REEF DYNAMICS OR "MOWING THE LAWN"
What makes for a healthy coral reefs? Delve into this topic and you will quickly find you have opened a veritable "pandora's box". Nevertheless this is exactly the question, which has captured the imagination of University of Maine students, Susie Arnold and Jeannie Brown and figuring out one small part of the puzzle is going to take them three months of field work, sharp eyes, a deft hand with a microscope and a good deal of brain power.
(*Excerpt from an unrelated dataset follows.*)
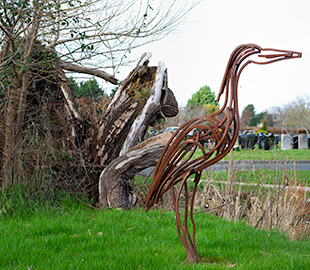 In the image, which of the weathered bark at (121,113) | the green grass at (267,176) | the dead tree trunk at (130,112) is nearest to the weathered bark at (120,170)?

When we talk about coral reef "health" its important to realize that there is no one answer and that "where" and "when" are enormously important parameters. Pacific coral reefs ordinarily have more than ten times the number of corals, fish and other reef creatures compared to the Caribbean. All that diversity makes them robust. The "when" part is just as critical. Just sixty years ago sharks routinely patrolled our reefs. Had you been bold enough to venture into the water with your primitive rebreather set and home made gear you would have seen sharks on practically every dive. The great Austrian underwater pioneer Hans Hass did when he stayed on Klein Bonaire in 1938. Who knows what reef sharks and black tips, bull sharks and tiger sharks used to prowl our waters. You would also have been treated to the spectacle of jewfish flowing over the edge of the drop off on Klein Bonaire like a waterfall. Just imagine.
Clearly some things have changed. Reef scientists have been intensively collecting data about coral reefs for just over thirty years and have amassed such a wealth of data that it's all too easy to believe that we know what is going on down there and that we understand what we see. Yet we lack historical perspective. Scientists are dubbing this "shifting baselines". We know that we have lost the entire top tropic level - the sharks - from our reefs. Many islands have all but lost the second tropic layer too - the predatory grouper, snapper and grunts. But what the repercussions have been we can only guess at.
Answering part of the puzzle "what makes for a healthy coral reef today" is what Susie and Jeannie will be coming to Bonaire from June through August of this year to unravel. A healthy reef in the Caribbean today is one where there is high coral cover, low abundance of macro algae (leafy marine plants) and high numbers of fish, particularly herbivores. Simplistically put the parrotfish eat the macro algae, which leaves plenty of space for coral larvae to colonize and hey presto: healthy reefs with lots of corals.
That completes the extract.